Как рассказала моя тетка Вера, жили они достаточно богато. К сожалению, она не помнит, каким образом это богатство добывалось. Судя по одежде и лицу деда, скорее всего, добывалось интеллектом. Во время коллективизации их выселили и сослали куда-то. Они не вернулись.


На этой фотографии изображены их дети. Вверху Павел Андреевич со своей женой. Они уехали в Ленинград. Связь поддерживали плохо. Я их видел один раз. Но жили они хорошо. Внизу справа Надежда Андреевна, будущая Городкова, в центре бабушка Мария Андреевна, слева еще одна Андреевна, но я ее ни разу не видел. На этой фотографии отсутствует Сергей Андреевич, о котором я ниже скажу.


У Марии Андреевны было два сына, Иван и Геннадий и три дочери, Нина, Вера и Лина, которую все обожали за красоту и кроткость. Она умерла в юности.


Эту фотографию, сделанную на свадьбе сестры Руфы, я поместил сюда, чтобы показать лицо Городкова Николая Михайловича. Надежда Андреевна вышла замуж за его отца, так он и стал нашим, хоть и дальним, но родственником. В центе тетка Вера, справа ее муж.


О нем чуть отдельно. Был он лет на пять моложе отца. После службы в армии подался в партийную работу. Работал Зам. председателя исполкома в Островском. Какое то время, учась в школе, я у них квартировался. Потом работал Председателем исполкома в Сусанине. Я к нему туда, учась в институте, году в 66, ездил за зимней шапкой. (Шапку украли весной). Там меховая фабрика была. Как раз, когда ездил за шапкой, я увидел на центральной улице толпы граждан, ходящих туда-сюда. Пришлось спросить, что за праздник. Он ответил, что только вчера закончили укладку асфальта, вот народ и празднует это мероприятие. Я его никогда грустным не видел. После Сусанина его направили первым секретарем в Парфеньевский район, один из самых лесных и грибных районов.

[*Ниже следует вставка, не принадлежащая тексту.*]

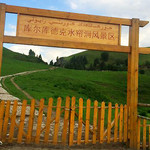水帘洞景区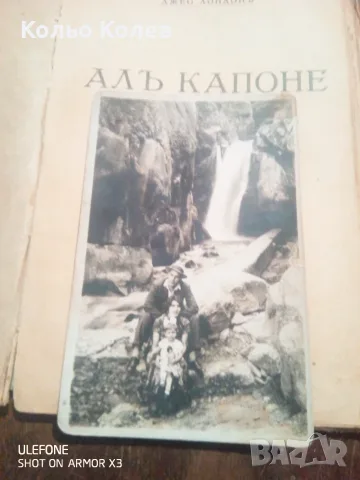 Книга Ал Капоне бандитите на Чикаго , снимка 6 - Художествена литература - 55888460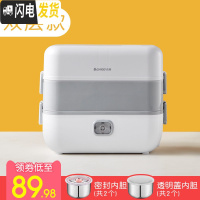 三维工匠电热饭盒可插电加热保温带热饭菜蒸煮桶便当上班族便携锅 灰白色双层2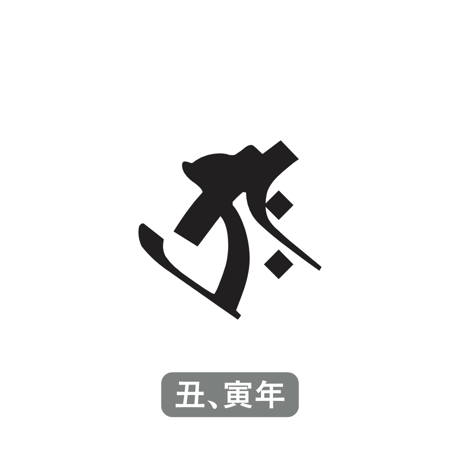 Karisome｜タラーク【F-26】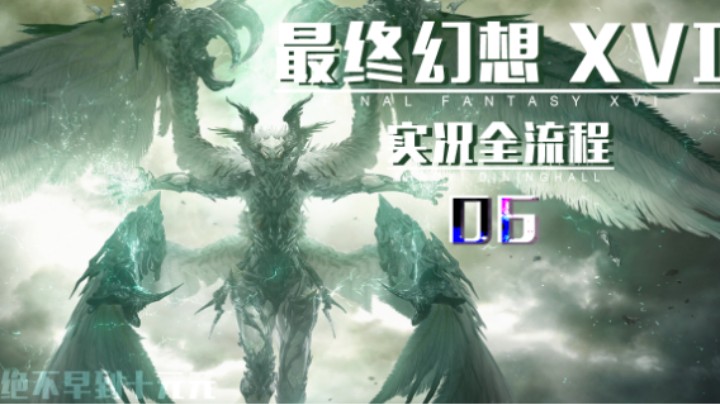 06『风暴之眼』第二个火之显化者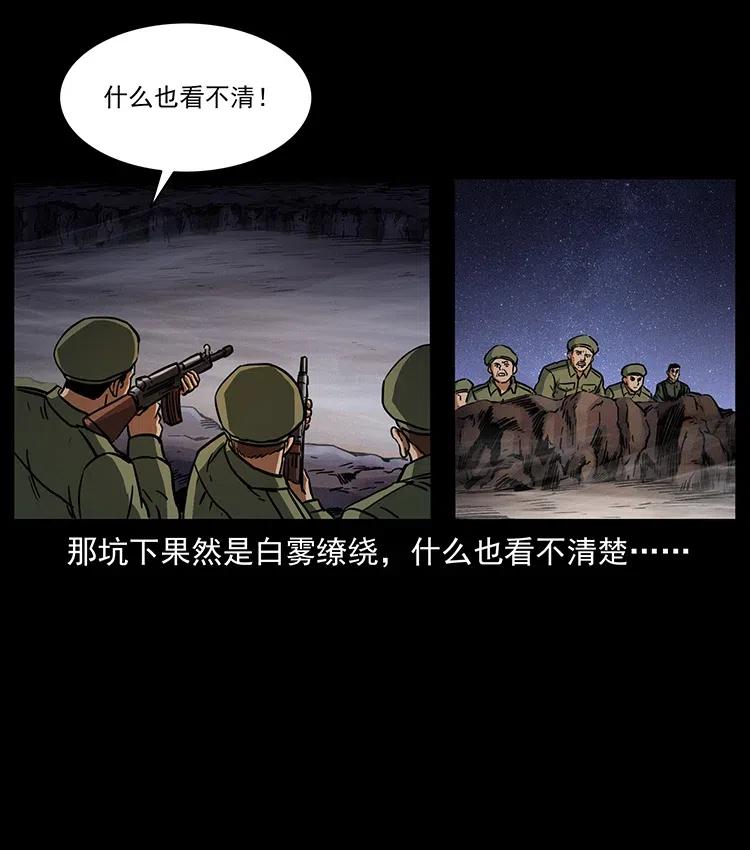 幽冥诡匠 325 财宝！财宝！ 第52页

Кстати о юморе. Когда в 1972 году из-за жаркого лета полыхала вся страна, пожары не обошли и Парфеньево. Как то осенью, когда пожары потушили, он заехал к отцу, и сказал: «Смотри Геннадий, я полрайона сжег! Мне орден Ленина дали. Если бы сжег весь район, наверно, дали бы героя!» Примерно в это же время Леониду Ильичу захотелось белых грибов и груздей. Шестерки стали искать. Искали-искали, ни у кого нет, а у Николая Михайловича есть. Эти грибы сильно повысили его статус.

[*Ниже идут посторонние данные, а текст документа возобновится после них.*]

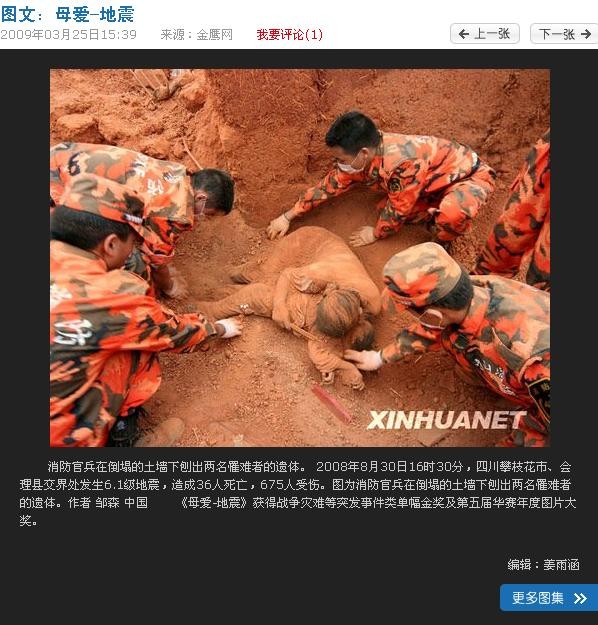 Hình chụp bức ảnh trên trang web hunantv của Trung Quốc với đầy đủ thông tin về tác giả bức ảnh cũng như thời gian, địa điểm chụp của bức ảnh.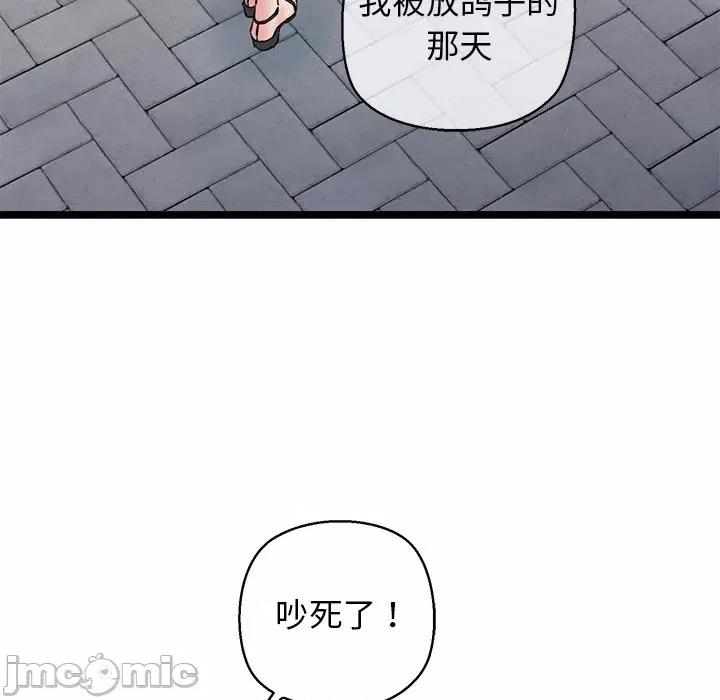 我的拉拉队宝贝 我的拉拉队宝贝-我的拉拉队宝贝 第27话 第155页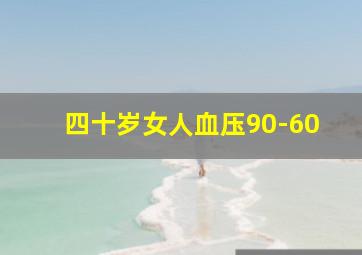 四十岁女人血压90-60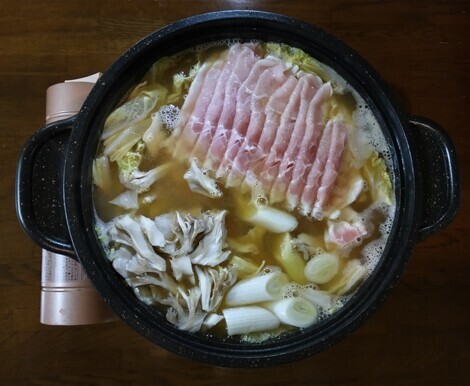 えがおの輪トークルーム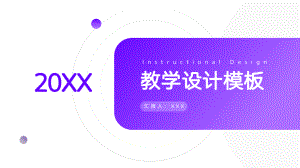 紫色简洁教学设计模板PPT.pptx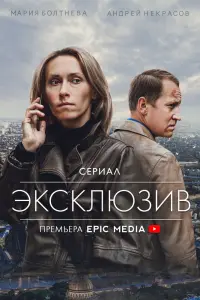 Смотреть Эксклюзив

Николай Михайлович с отцом. Скорее всего, когда работал в Островском в исполкоме.


В 1974 году он помог отцу купить для нас Москвич, за что получил нагоняй. Но, видимо, грибы оказались сильней и его назначили Начальником управления торговли области. В 92 году я к нему ездил. Жаль, что он трагически погиб. Хороший и, главное, умный был человек.

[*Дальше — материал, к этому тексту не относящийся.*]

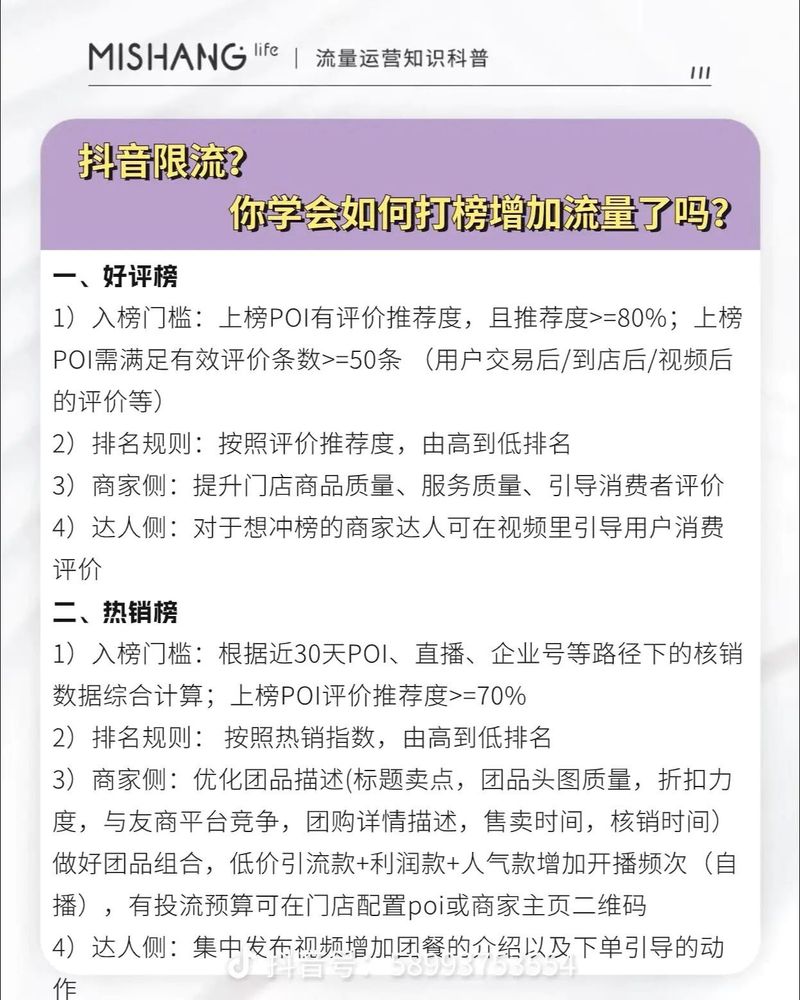抖音点赞下单新趋势，低价服务助力内容创作者高效运营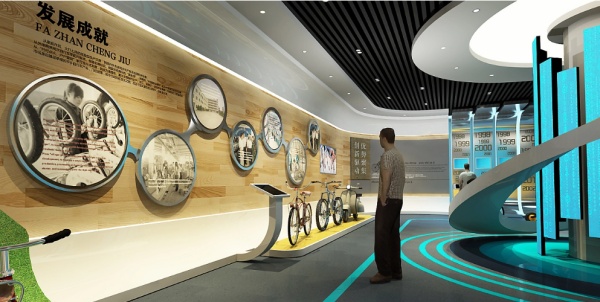 自行車(chē)展廳設(shè)計(jì)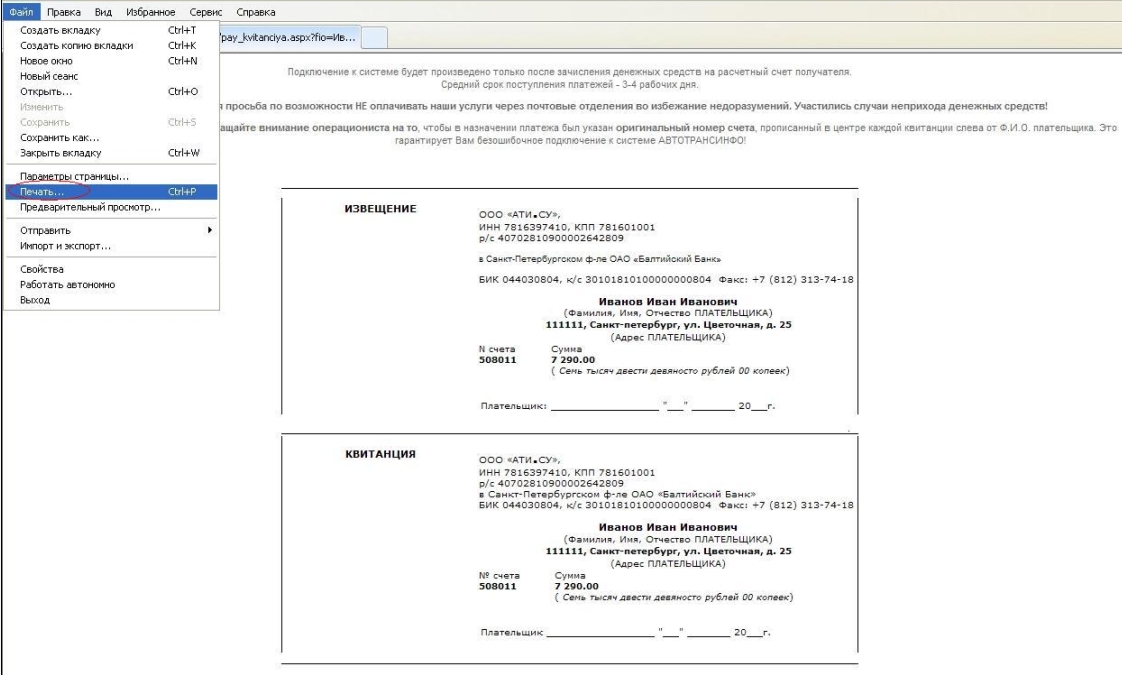 Печать квитанции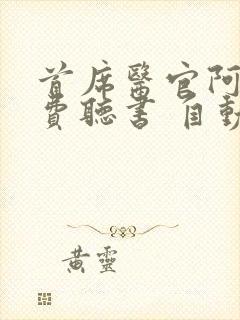 首席医官阿陈免费听书 自动播放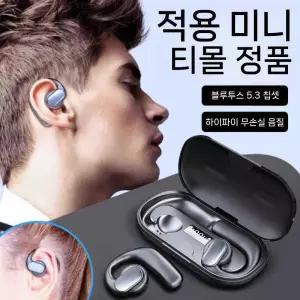 실시간 블랙 언어 다국어 (인이어) 145언어 동시 번역기 번역 동시통역기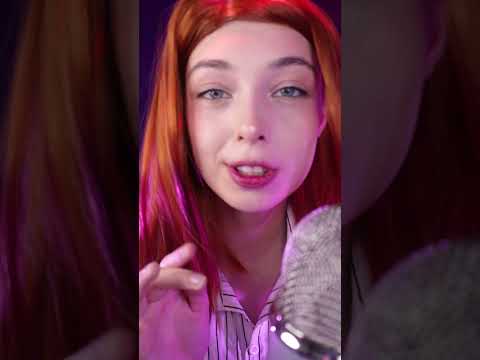 Медицинский осмотр асмр #asmr #асмр  #асмртриггеры  #асмрролеваяигра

Один раз мы с Кокой и трехлетней сестрой Руфой пошли к бабушке (вот пишу бабушка, а совершенно не ощущаю ее таковой) в Поросель, в гости. По пути была деревня Малышово, в которой, как назло, деревенский пасечник забирал у пчел мед. Они, естественно, были недовольны. Свое недовольство они и выплеснули на нас. Когда на нас налетел небольшой рой, сразу же ужалив несколько раз каждого, Кока с Руфой побежали, а мне она, почему то, велела лежать. Я лег, с ужасом прислушиваясь к гудящим вокруг пчелам. Лежал, пока одна из них не воткнула свое жало в самую высокую точку лежащего тела. Я вскочил и через минуту догнал спутников, и даже перегнал. Отделались легко.